## DATA RECORDS
=== Section Start ===
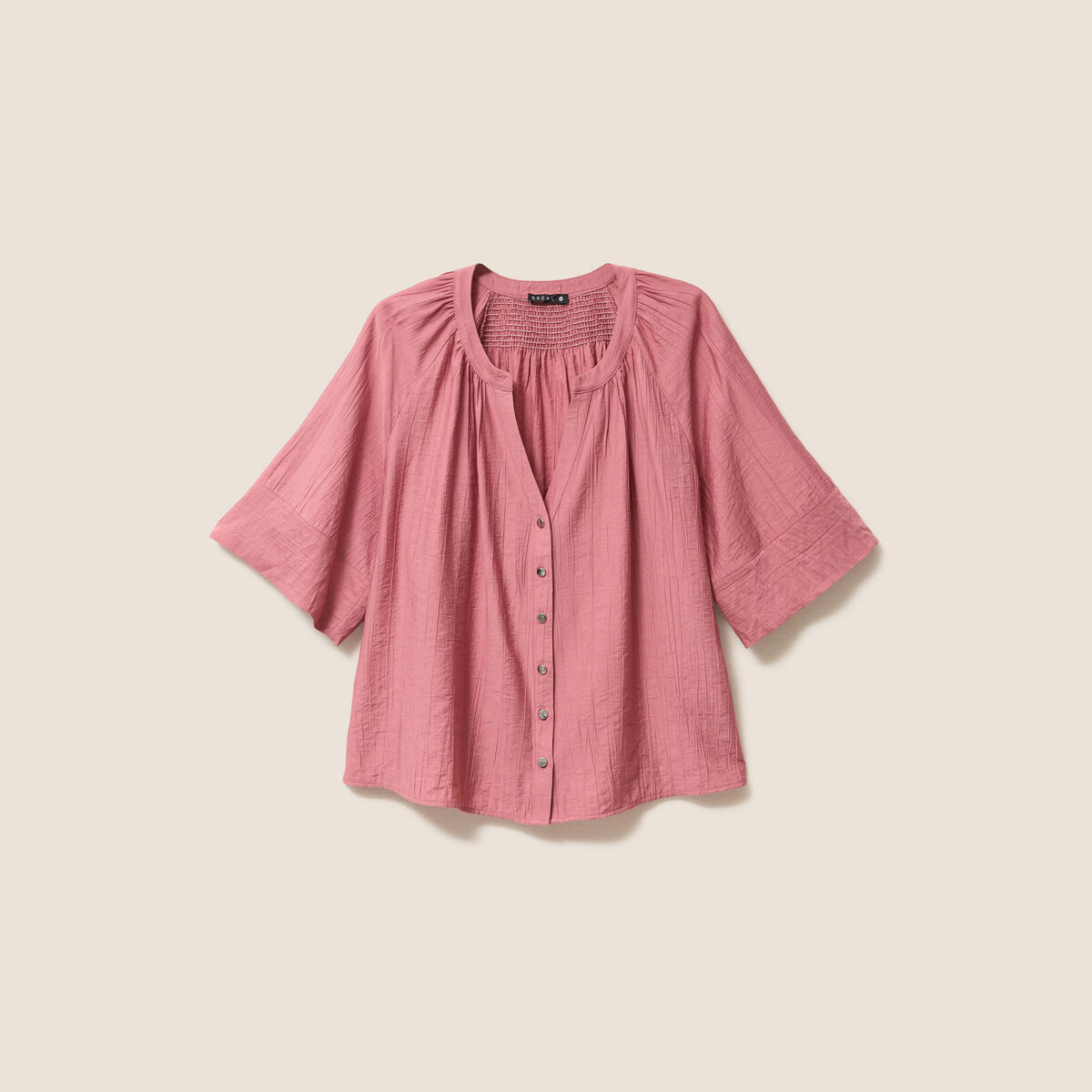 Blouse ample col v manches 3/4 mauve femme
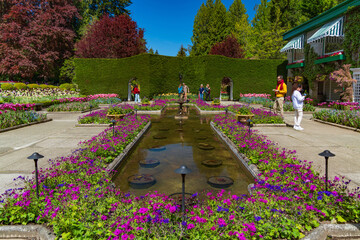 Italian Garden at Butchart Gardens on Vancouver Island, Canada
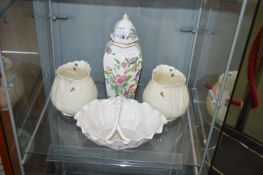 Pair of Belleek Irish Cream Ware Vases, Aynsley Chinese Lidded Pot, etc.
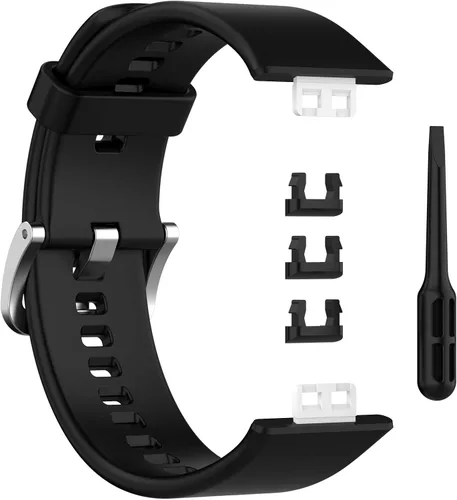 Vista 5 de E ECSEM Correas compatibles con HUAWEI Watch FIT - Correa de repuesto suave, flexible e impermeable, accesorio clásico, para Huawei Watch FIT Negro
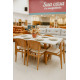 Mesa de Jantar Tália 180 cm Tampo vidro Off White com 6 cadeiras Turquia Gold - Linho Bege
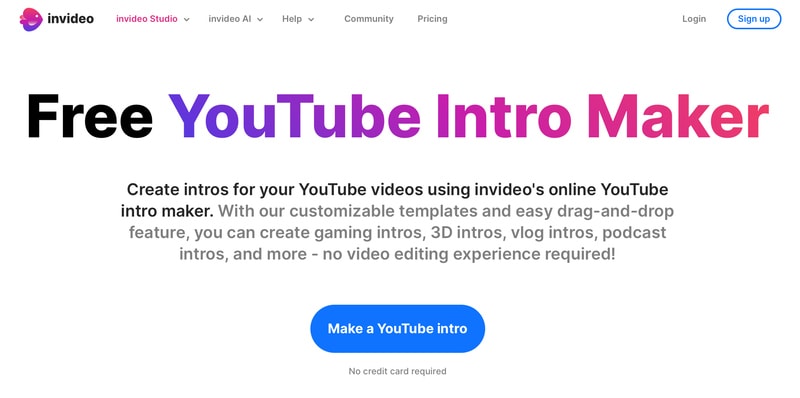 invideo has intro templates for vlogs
=== Section End ===
## GOAL OF THE EXERCISE
Exactly those lines that run from the line holding "Pair of Belleek" to the end of the listing above, both included, are to be reproduced, with pictures left out.

## OUTPUT FOR THIS EXERCISE
 Pair of Belleek Irish Cream Ware Vases, Aynsley Chinese Lidded Pot, etc.
 Vista 5 de E ECSEM Correas compatibles con HUAWEI Watch FIT - Correa de repuesto suave, flexible e impermeable, accesorio clásico, para Huawei Watch FIT Negro
 Mesa de Jantar Tália 180 cm Tampo vidro Off White com 6 cadeiras Turquia Gold - Linho Bege
 invideo has intro templates for vlogs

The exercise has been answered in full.